Minimum inhibitory concentration (MICs) of both antifungal agents were determined by the microdilution inhibitory method. For this purpose, the enzyme-linked immunoassay 96-well microplates were utilized; 10 wells were used for 0.5–128 μg/mL of nystatin and 10 wells for 0.003–16 μg/mL for amphotericin B in Roswell Park Memorial Institute; two wells were also assigned to positive and negative controls. Then, 100 μL of the fungal suspension provided from each isolated strain was added to each well. Finally, 100 μL of the 1 × 103 fungal suspension plus 100 μL of postretirement medical insurance (PRMI) was added to the positive control well, and the negative control well was only filled with 100 μL of pure PRMI without drugs and microorganisms according to CLSI-M27.[9] After incubation at 35°C for 24 and 48 h, the turbidity in the wells was evaluated, and the first wells without turbidity after 24 and 48 h were considered as the MIC24 and MIC48, respectively (level of significance: 0.05).

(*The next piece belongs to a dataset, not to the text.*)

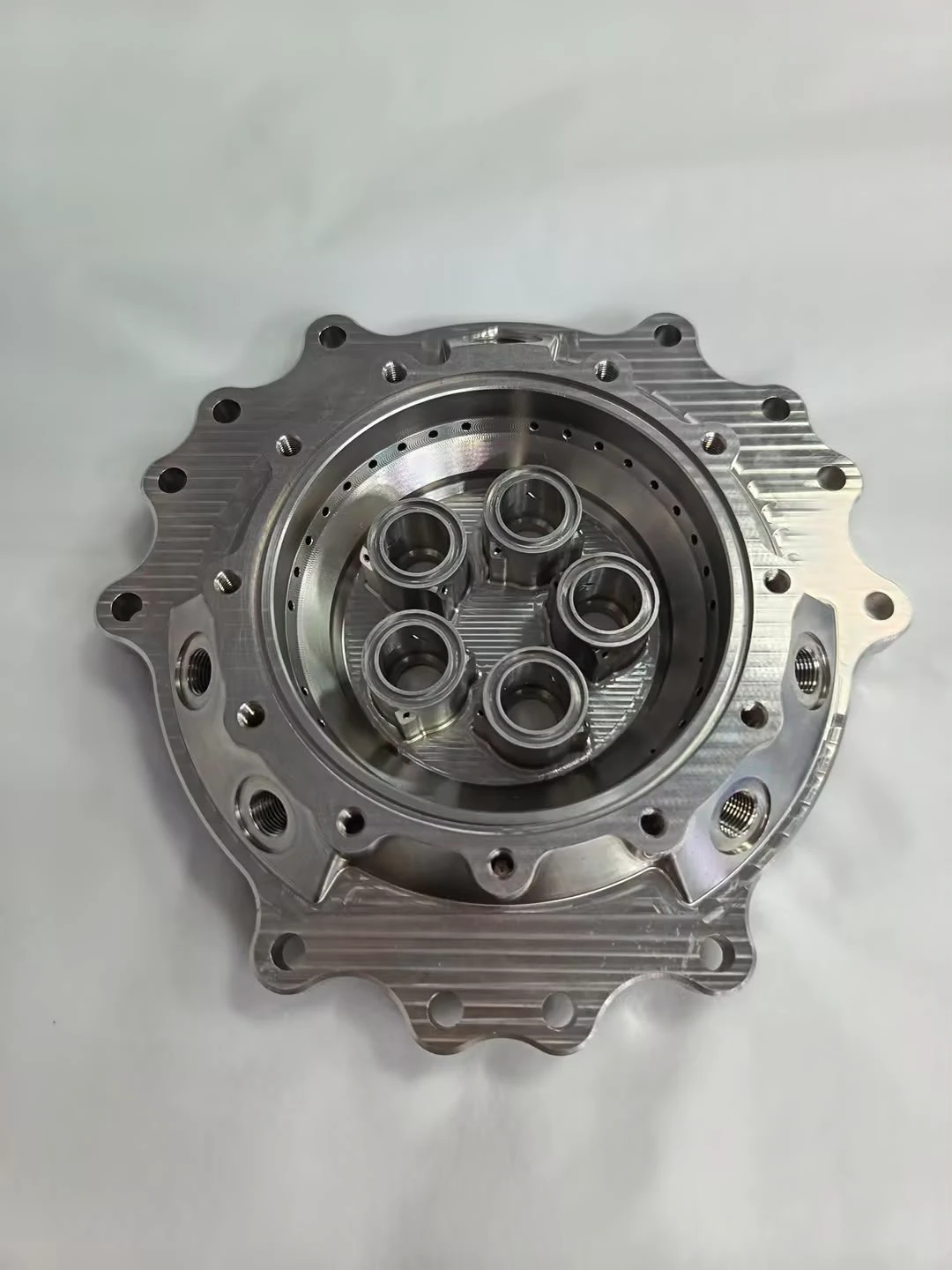 Injector body face-on with five element bores standing in a counterbore and a ring of small drilled ports on the shoulder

To determine minimum fungicidal concentration (MFC), 20 μL of the suspension in the MIC well and the following wells were added to SDA plates, and after swab culturing, the plates were incubated for 24–48 h at 35°C. Plates with <5 grown colonies were used to determine MFC.[13]

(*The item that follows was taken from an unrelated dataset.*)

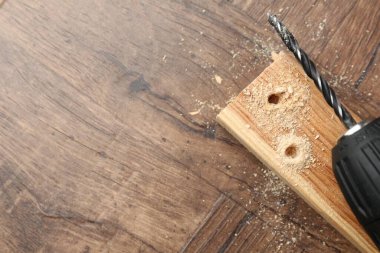 Kablosuz elektrik matkabı, tahta ve talaş, ahşap masa, üst manzara. Metin için boşluk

Data were analyzed by SPSS version 22(IBM Corp. Released 2013. IBM SPSS Statistics for Windows, Version 22.0. Armonk, NY: IBM Corp.). To investigate the antifungal effects of nystatin and amphotericin B, their MIC24, MIC48, and MFC were separately measured, and the median, range, and mode were also determined and analyzed with Mann–Whitney test. To compare the antifungal effect of two drugs, drug sensitivity and drug resistance were determined for each of the two drugs, nystatin and amphotericin B. The breakpoint for amphotericin B was determined in such a way that MIC values <2 were considered sensitive and MIC values ≥2 as resistant. The breakpoint of nystatin was determined in such a way that MIC values ≤2 were considered sensitive and MIC values >2 as resistant.

RESULTS

The studied Candida samples from the mycological collection of the Department of Medical Parasitology and Mycology, Isfahan University of Medical Sciences, included 14 C. albicans, five Candida tropicalis, two Candida glabrata before radiotherapy, and 12 C. albicans, four C. tropicalis, two C. glabrata, one Candida parapsilosis, and one Candida krusei in the 2nd week of radiotherapy.

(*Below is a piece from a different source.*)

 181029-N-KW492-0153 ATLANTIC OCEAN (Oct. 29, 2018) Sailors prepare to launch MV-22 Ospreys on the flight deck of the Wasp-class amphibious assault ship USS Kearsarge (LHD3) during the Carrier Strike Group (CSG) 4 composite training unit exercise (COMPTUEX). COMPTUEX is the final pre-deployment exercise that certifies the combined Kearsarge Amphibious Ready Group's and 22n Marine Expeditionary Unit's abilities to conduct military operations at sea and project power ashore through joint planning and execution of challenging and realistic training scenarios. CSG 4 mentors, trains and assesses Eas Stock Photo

To evaluate the antifungal activity of nystatin and amphotericin B, their MIC24, MIC48, and MFC were separately measured for C. albicans, C. glabrata, C. tropicalis, C. krusei, and C. parapsilosis.

The frequency was not determined for two species of C. krusei and C. parapsilosis, since only one strain of each was isolated from the patients during radiotherapy. Furthermore, MIC24, MIC48, and MFC of nystatin and amphotericin B before and during radiotherapy could not be compared since neither of the species was isolated before radiotherapy from the patients.

Table 1 shows MIC24, MIC48, and MFC for nystatin and amphotericin B against C. parapsilosis and C. krusei.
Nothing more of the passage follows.